Required work:
Write down the lines exactly as they appear, from the one that contains "Hello everyone and" through the final line of the records, so that both ends are kept and no pictures come along.

[Opening The data section]

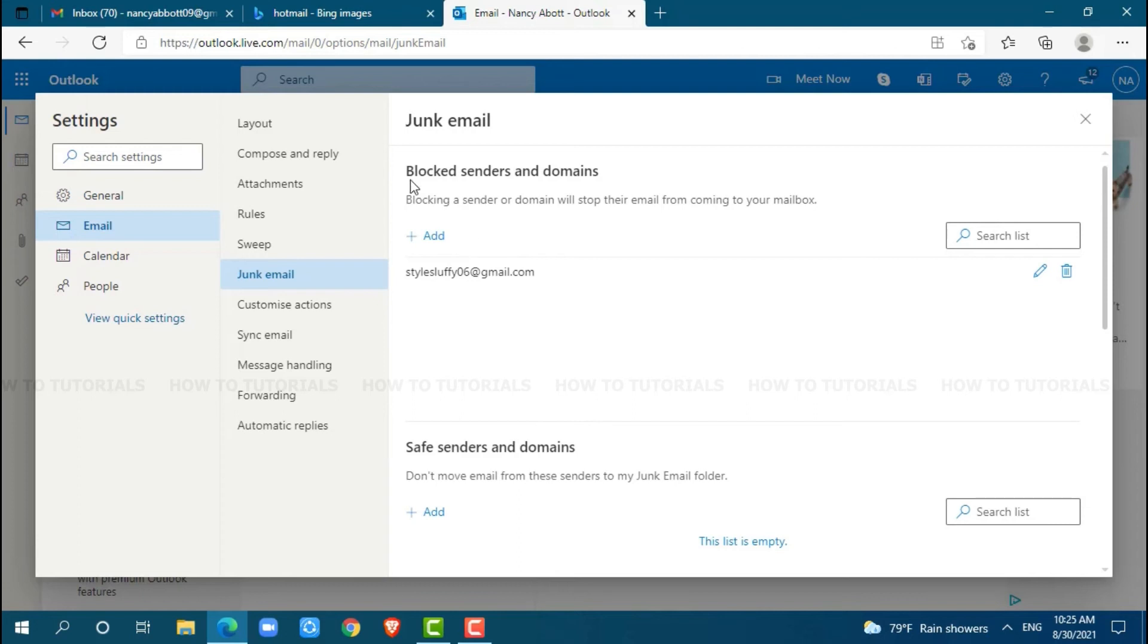Here, you can see 'blocked senders and domains'. You can see the email address that I have blocked. To unblock this email address, just click on the recycle bin icon.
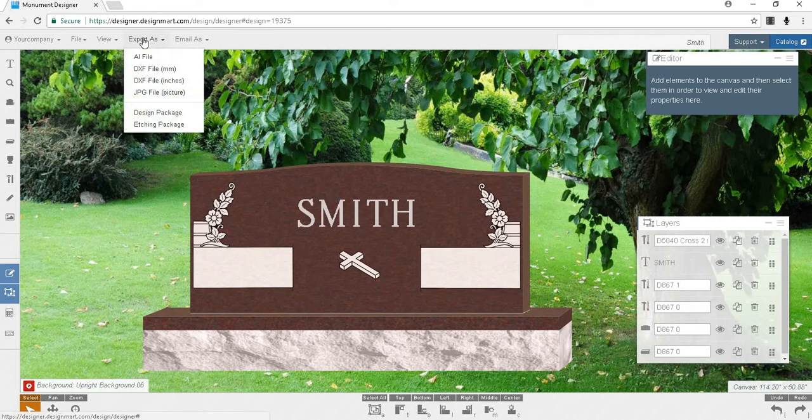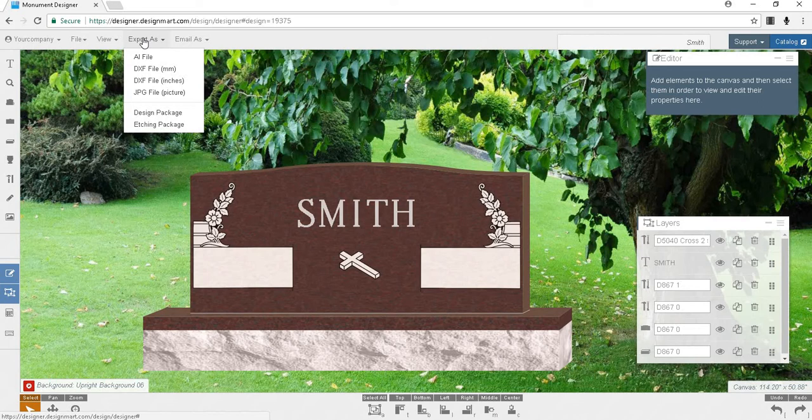You may export your design as an AI file, a DXF file in millimeters, a DXF file in inches, or a JPEG file, which is your standard color picture. You may also export a design package zip folder, which includes one of each of these formats.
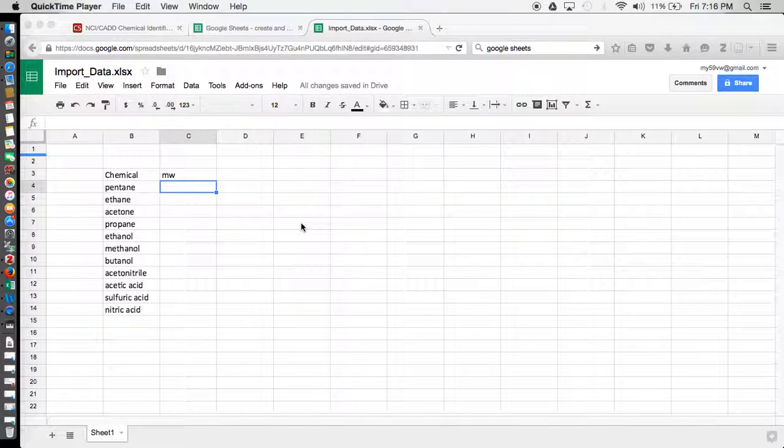In this video, I'm going to show how to pull molecular weight data from the Chemical Identifier Resolver website, and I'm going to do this using Google Sheets.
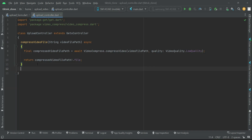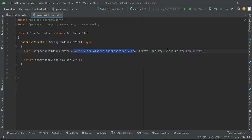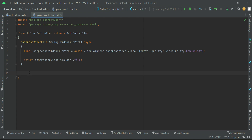Whenever the user selects a video and starts uploading, we first compress that video file — this method will return the compressed video file. Now, each video displayed on the user profile must have a thumbnail image, so that when the user taps on it, the video starts playing — just like on TikTok, where each video on a profile has its own thumbnail image.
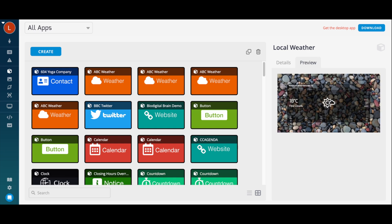You can now see your newly created app in the list. You can preview your app by clicking on the Preview tab and then enlarging the Preview window.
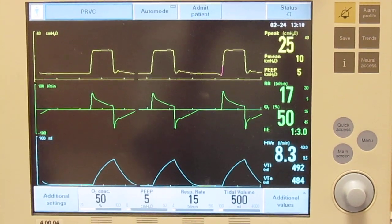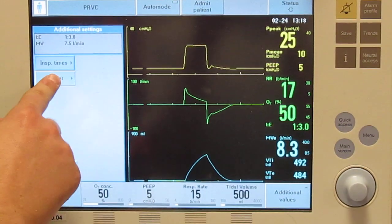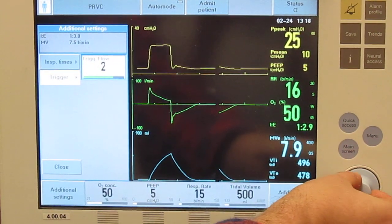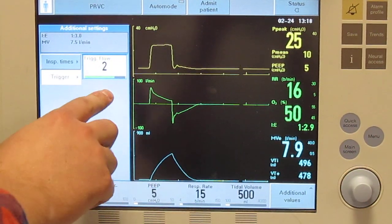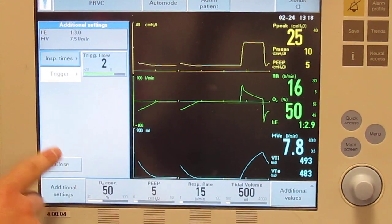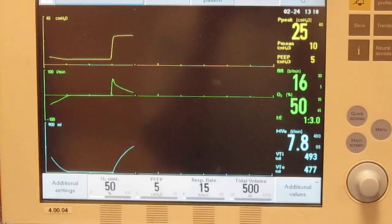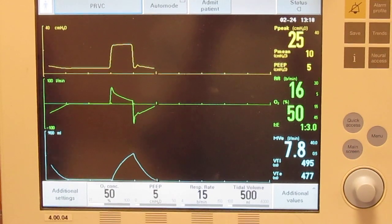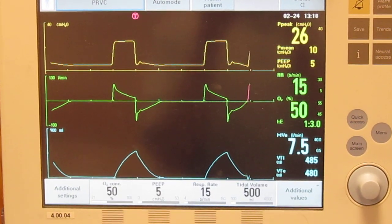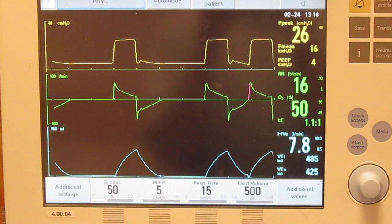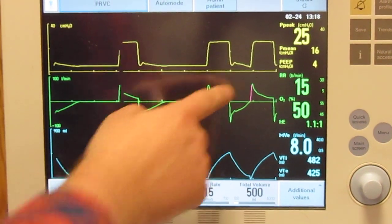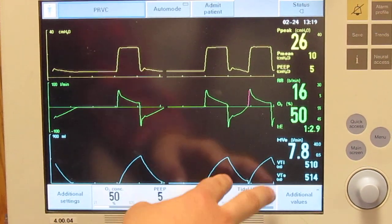We'll try flow trigger right now. We go in and change it — flow triggered at two liters per minute. You shouldn't see the negative deflection now. After this breath, you should look back every time and be looking for it. It just looks like any other breath. Same volume.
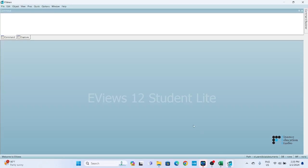Hello everyone and welcome back to our YouTube channel. In today's video, we will be exploring the process of importing data from an Excel file into eViews. This can be a key step in data analysis. Let's briefly discuss why you might want to import data into eViews. eViews is a powerful statistical software widely used for time series and panel data analysis, and importing data allows you to explore eViews' features for in-depth analysis and visualization.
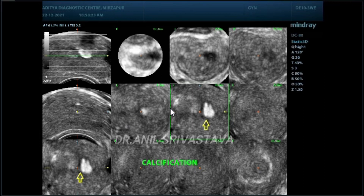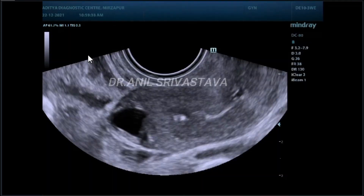This is a tomographic view. You can see this is a calcified lesion in the endometrial cavity.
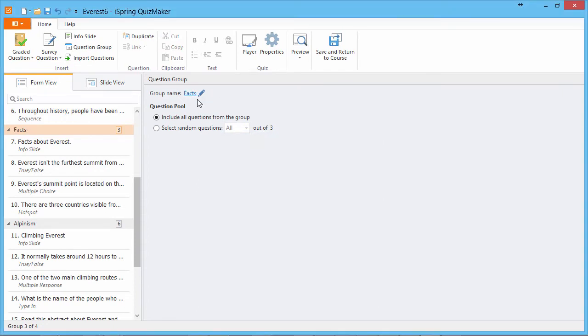The question pool settings define how many questions out of the group will be shown to quiz takers. Select Include all questions from the group to present all questions to your viewers.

[Closing The data section]

Your response:
Hello everyone and welcome back to our YouTube channel. In today's video, we will be exploring the process of importing data from an Excel file into eViews. This can be a key step in data analysis. Let's briefly discuss why you might want to import data into eViews. eViews is a powerful statistical software widely used for time series and panel data analysis, and importing data allows you to explore eViews' features for in-depth analysis and visualization.
This is a tomographic view. You can see this is a calcified lesion in the endometrial cavity.
The question pool settings define how many questions out of the group will be shown to quiz takers. Select Include all questions from the group to present all questions to your viewers.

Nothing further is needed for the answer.